For publications by Witness Lee and the Local Church write
to:
Living Stream Ministry
1853 W. Ball Rd.
P.O. Box
2121
Anaheim, CA 92804
EXPERT OPINION AND THE BIAS OF
EXPERTS
by Brooks Alexander
Expert witnesses often testify in lawsuits. The
rules of evidence prevent most witnesses from drawing conclusions, that is, from
testifying about anything other than the bare facts of the case. "Experts," on
the other hand, are called in precisely for their ability to draw conclusions.
Normally, expert witnesses do not say what the facts are, but what
they mean - in their opinion.
Jurors are are (sic) often baffled by
the "battle of experts," in which each side presents a battery of learned men,
talking about obscure, technical subjects and drawing opposite consclusions
(sic) from the same body of facts. Cross-examination is particularly
important in dealing with such witnesses. Close questioning of an expert will
often reveal that his expertise is inadequate to support his conclusions, or
that his opinions are rendered on a subject beyond his real expertise.

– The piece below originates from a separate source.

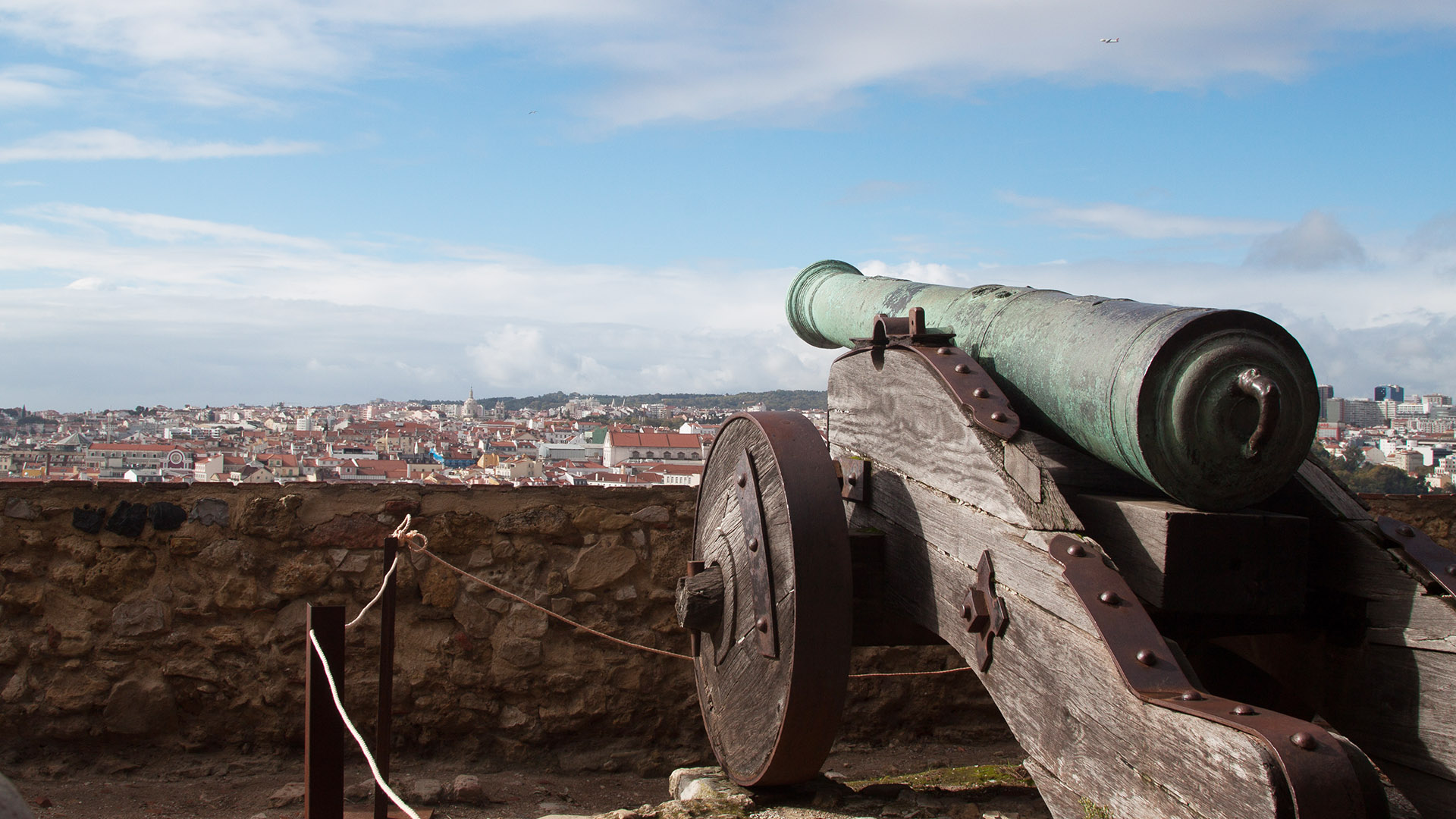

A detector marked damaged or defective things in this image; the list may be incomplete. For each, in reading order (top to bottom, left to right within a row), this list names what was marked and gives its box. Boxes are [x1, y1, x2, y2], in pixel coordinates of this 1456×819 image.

rusty metal stake [304, 600, 344, 816]
rusty metal stake [375, 536, 399, 816]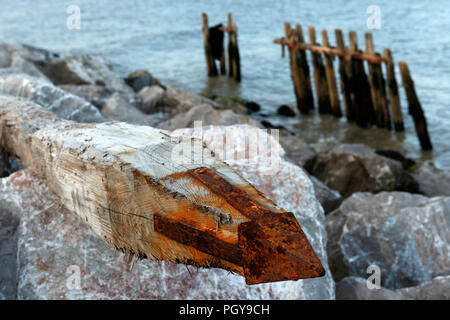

When there is a default hearing, as there was
in Lee v. Duddy, expert witnesses may feel encouraged to offer
their opinions in a less than rigorous way, knowing that they will not be
contradicted or cross-examined.
In this case, we feel that the judge relied on
opinions drawn by experts whose testimony was of little actual legal value for
various reasons that we shall examine.
The Big Guns
The plaintiffs enlisted a number
of experts to testify on their behalf and against SCP at their default hearing.
Three of the most important were:
· Dr. J. Gordon Melton. Dr.
Melton, a United Methodist minister, is the Director of the Institute for the
Study of American Religion and a visiting scholar at U. C. Santa Barbara. His
doctorate was received in 1975, from Northwestern University, in the History and
Literature of Religions.
Dr. Melton criticized Duddy for relying on
information supplied by ex-members, which he regards as biased and
unreliable.
According to Melton, Mr. Duddy completely
misunderstood and misrepresented the history, the beliefs, and the practices of
the Local Church.1 He also testified that he
could only conclude that Duddy knew he was distorting the truth.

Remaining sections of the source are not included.